Dataset items
────────────────────────────────────────

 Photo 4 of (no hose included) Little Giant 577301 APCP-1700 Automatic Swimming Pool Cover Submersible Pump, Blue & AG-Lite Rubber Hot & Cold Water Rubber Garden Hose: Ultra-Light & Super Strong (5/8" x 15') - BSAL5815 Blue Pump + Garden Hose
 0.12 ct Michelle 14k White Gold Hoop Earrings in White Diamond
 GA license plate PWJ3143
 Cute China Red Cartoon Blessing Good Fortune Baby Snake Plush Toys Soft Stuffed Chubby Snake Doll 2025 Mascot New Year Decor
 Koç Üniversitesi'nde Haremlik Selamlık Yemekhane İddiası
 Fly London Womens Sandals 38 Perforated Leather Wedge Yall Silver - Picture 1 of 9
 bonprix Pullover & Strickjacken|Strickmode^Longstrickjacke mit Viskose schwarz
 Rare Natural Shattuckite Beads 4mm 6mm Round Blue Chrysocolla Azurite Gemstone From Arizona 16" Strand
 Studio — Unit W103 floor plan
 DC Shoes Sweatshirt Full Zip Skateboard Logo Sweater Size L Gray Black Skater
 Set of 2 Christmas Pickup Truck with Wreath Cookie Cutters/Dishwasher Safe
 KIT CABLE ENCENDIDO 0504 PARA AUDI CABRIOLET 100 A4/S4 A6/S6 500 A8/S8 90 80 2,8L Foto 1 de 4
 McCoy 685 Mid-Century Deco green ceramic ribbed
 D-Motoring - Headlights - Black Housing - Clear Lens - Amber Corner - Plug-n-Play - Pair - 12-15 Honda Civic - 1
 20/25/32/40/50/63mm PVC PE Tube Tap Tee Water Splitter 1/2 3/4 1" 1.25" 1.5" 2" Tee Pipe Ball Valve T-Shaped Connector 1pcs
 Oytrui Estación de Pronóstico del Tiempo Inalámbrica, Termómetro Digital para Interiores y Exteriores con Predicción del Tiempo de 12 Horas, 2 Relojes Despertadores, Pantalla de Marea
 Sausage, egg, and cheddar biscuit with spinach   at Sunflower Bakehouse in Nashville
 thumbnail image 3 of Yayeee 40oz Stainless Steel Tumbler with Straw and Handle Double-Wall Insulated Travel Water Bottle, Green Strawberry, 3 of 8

────────────────────────────────────────

→ **Work to be completed**:
Up to and including the last line of the records above, print exactly every line from the one that contains "Rare Natural Shattuckite" onward.

→ **Solved exercise**:
 Rare Natural Shattuckite Beads 4mm 6mm Round Blue Chrysocolla Azurite Gemstone From Arizona 16" Strand
 Studio — Unit W103 floor plan
 DC Shoes Sweatshirt Full Zip Skateboard Logo Sweater Size L Gray Black Skater
 Set of 2 Christmas Pickup Truck with Wreath Cookie Cutters/Dishwasher Safe
 KIT CABLE ENCENDIDO 0504 PARA AUDI CABRIOLET 100 A4/S4 A6/S6 500 A8/S8 90 80 2,8L Foto 1 de 4
 McCoy 685 Mid-Century Deco green ceramic ribbed
 D-Motoring - Headlights - Black Housing - Clear Lens - Amber Corner - Plug-n-Play - Pair - 12-15 Honda Civic - 1
 20/25/32/40/50/63mm PVC PE Tube Tap Tee Water Splitter 1/2 3/4 1" 1.25" 1.5" 2" Tee Pipe Ball Valve T-Shaped Connector 1pcs
 Oytrui Estación de Pronóstico del Tiempo Inalámbrica, Termómetro Digital para Interiores y Exteriores con Predicción del Tiempo de 12 Horas, 2 Relojes Despertadores, Pantalla de Marea
 Sausage, egg, and cheddar biscuit with spinach   at Sunflower Bakehouse in Nashville
 thumbnail image 3 of Yayeee 40oz Stainless Steel Tumbler with Straw and Handle Double-Wall Insulated Travel Water Bottle, Green Strawberry, 3 of 8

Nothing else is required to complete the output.